日本の「自己責任」には8つのタイプがある

 日本の「自己責任」にも様々なタイプがある。

 青山(2020)は言説分析(言葉の「語られ方」についての分析)を行い、日本社会における「自己責任」は8つのタイプに分類されるという。
 
■〜90年代初頭
①「経営・金融原則タイプ」:「経済市場」における企業の営利活動と競争の前提には、その行為が「自由」のもとで行われ、競争によるリスクを引き受ける主体として企業の「責任」が指示されている。

■「情動-」タイプグループ:規範性を伴った理知的な自己責任ディスコース(※ディスコースとは…言語・文化・社会を論じる際の専門用語としては、「書かれたこと」や「言われたこと」を指す。)

②「権利/覚悟タイプ」:個々人の「自由」が規範的な前提となり、自由を行使するにあたっての「権利」や「覚悟」が強調され、その結果として「自己責任」を引き受ける/引き受けるべきものとする。

③「自主自律タイプ」:前提として個人の自律的な行為を行うことが規範的に位置づけられ、行為に対する結果は他者をはじめとした諸要因に帰するのではなく、個々人による自律の結果として「自己責任」が言及される。

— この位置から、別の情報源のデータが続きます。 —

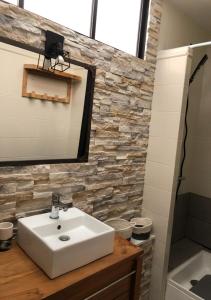 a bathroom with a sink and a mirror at Maison Dany in Salles-sur-Mer
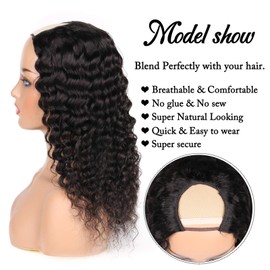 Huarisi U Part Wig Water Wave Hair for Women, 100% 10A 1b Brazilian Hair, Glueless Full Head Clip in Half Wigs U Shape Wigs , 150% Density Natural Color (18 Inch)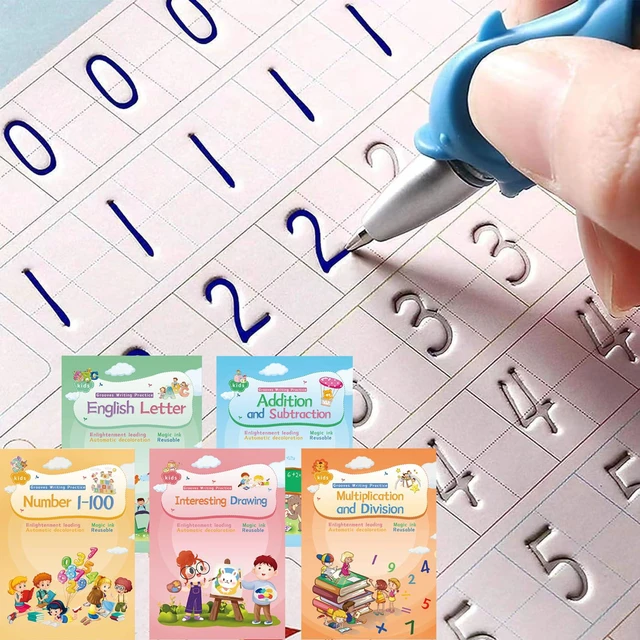 Alt view image 2 of 7 - Magical Handwriting Workbooks Handwriting Practice Copybook Aid Magic Pen Reusable Copybook Grooves Template Design for Children Books Suitable for Children's Learning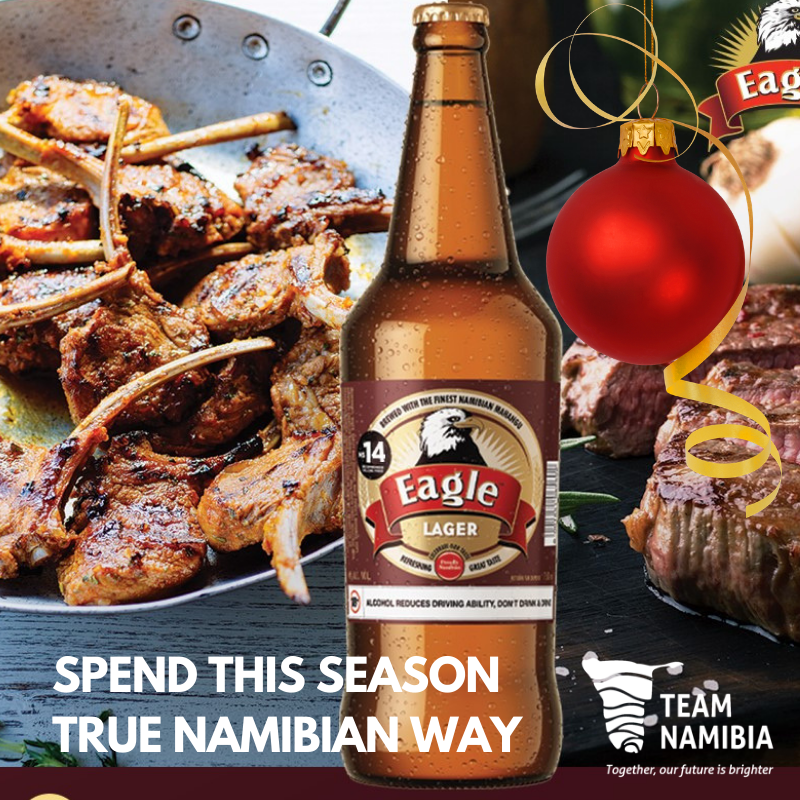 TeamNamibia's tweet photo. Tell us your favorite moment with #EagleLagerNamibia beer.
Enter https://t.co/yZmxQTlrYO Team Namibia Support Local This Festive 2019.
Terms and Conditions apply. All prizes are courtesy of different #TeamNamibiaMembers. https://t.co/JvwjZMckMo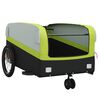 vidaXL Bike Trailer Black and Green 99.2 lb Iron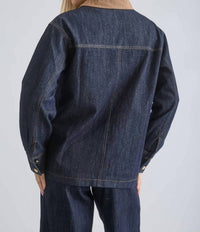 Blu Pepper - Oversize Corduroy Collar Shirt Jacket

④「自己統治/啓発タイプ」:前提として個々人の自由意志による行為と同時に能力拡張/付与がなされうることが自己責任として規範化されている。つまり、行為の結果を本人の意志や努力により解決することが遂行的に称揚される。

⑤「リスク管理タイプ」:ある活動や行為に付随するリスクに対する規範意識から、逸脱する行為に対して言及される。

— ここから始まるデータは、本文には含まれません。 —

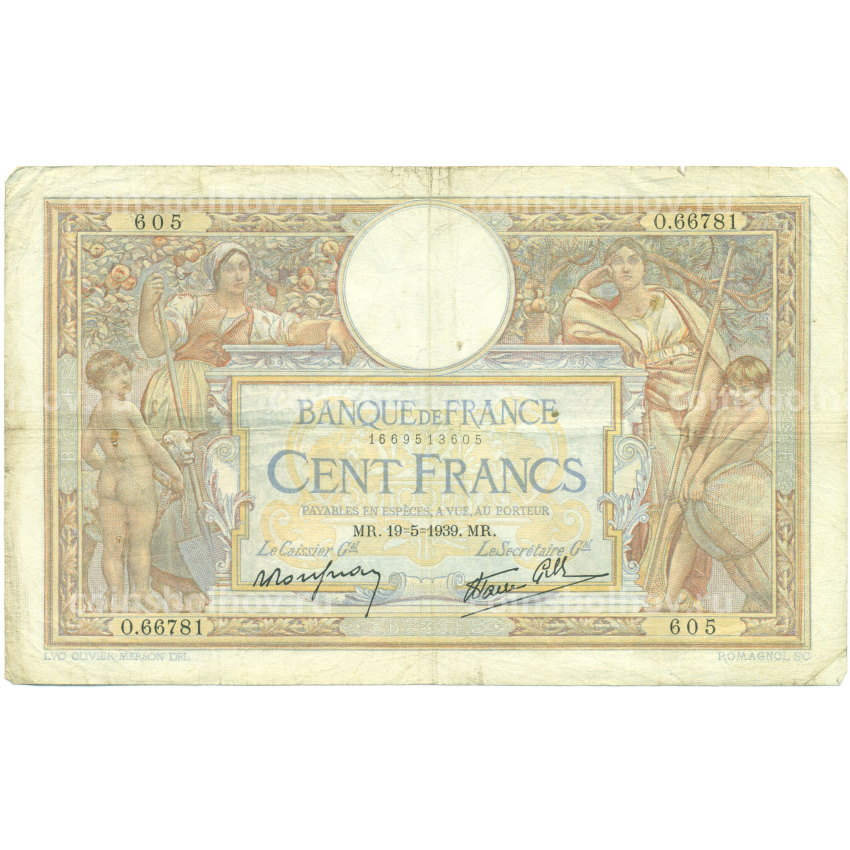 Банкнота 100 франков 1939 года Франция
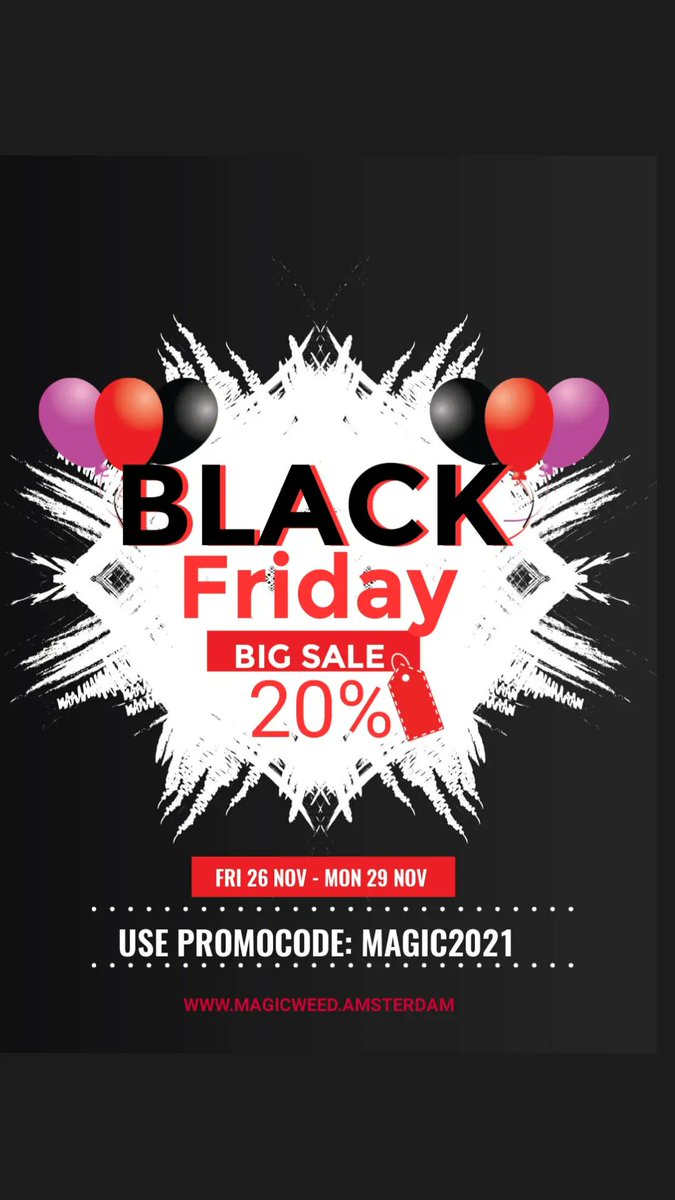 magic_weed_amst's tweet photo. BLACK FRIDAY. DONT MISS YOUR CHANCE TO BUY YOUR FAVOURITE PRODUCT WITH 20% DISCOUNT 

#BlackFriday #CBD #Discounts #cbdproducts #BlackFriday2021 https://t.co/3UHJu9LvmM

■「情動+」タイプグループ:ある出来事や社会的行為に対する前提的な規範が守られなかったことに対する感性的な自己責任ディスコース
⑥「無責任タイプ」:ある行為とその結果の当事者による受け入れやリスク管理の失敗を他責化する認識に対して、「無責任から自己責任へ」という規範性を促す。

⑦「謝罪要求タイプ」:ある行為に対する結果が他者への「迷惑」となるという規範性であると同時に、迷惑をかけたことに対し謝罪を要求する。

⑧「弱者切捨タイプ」:相対的弱者の行為やその結果の因果を個人に帰責することが自己責任ディスコースに対するメタ的な認識として言及される。

【参考】
青山俊之 (2020). 自己責任ディスコースのメタ語用論的範疇化によるタイプ分析 国際日本研究

他人に期待せず、それも「自分の人生」として諦める


 8つのタイプに共通するのは「他人に期待しすぎ」な点である。

 アルフレッド・アドラーは「課題の分離」において、「自分の課題」と「相手の課題」の区別を明確にしろ、「相手に期待すること」は「相手の課題」に対して踏み込んでいる行為だと定義づけている。

 他人、或いは自分に対して、不満があったとしても、過去や他人のせいにしない。
 「目的論」 に従って、 「自分が選んだ結果」 として、認めなくてはいけない。

 このようにして、これまでの自分に責任を持てば、人生に対して主体性を取り戻すことが出来る。
 主体性を取り戻すことによって、今後の人生を、自分の意思で変えられるようになる。

自己責任は50%で良い

 自己責任は50%で良い。
全て社会や家族、今回のコロナウィルスのせいにして「失業だ」、「まともな教育を受けられない」と後ろ向きな事ばかり言っていても仕方がない。
 そう言っていたら「努力をする」必要性がなくなる。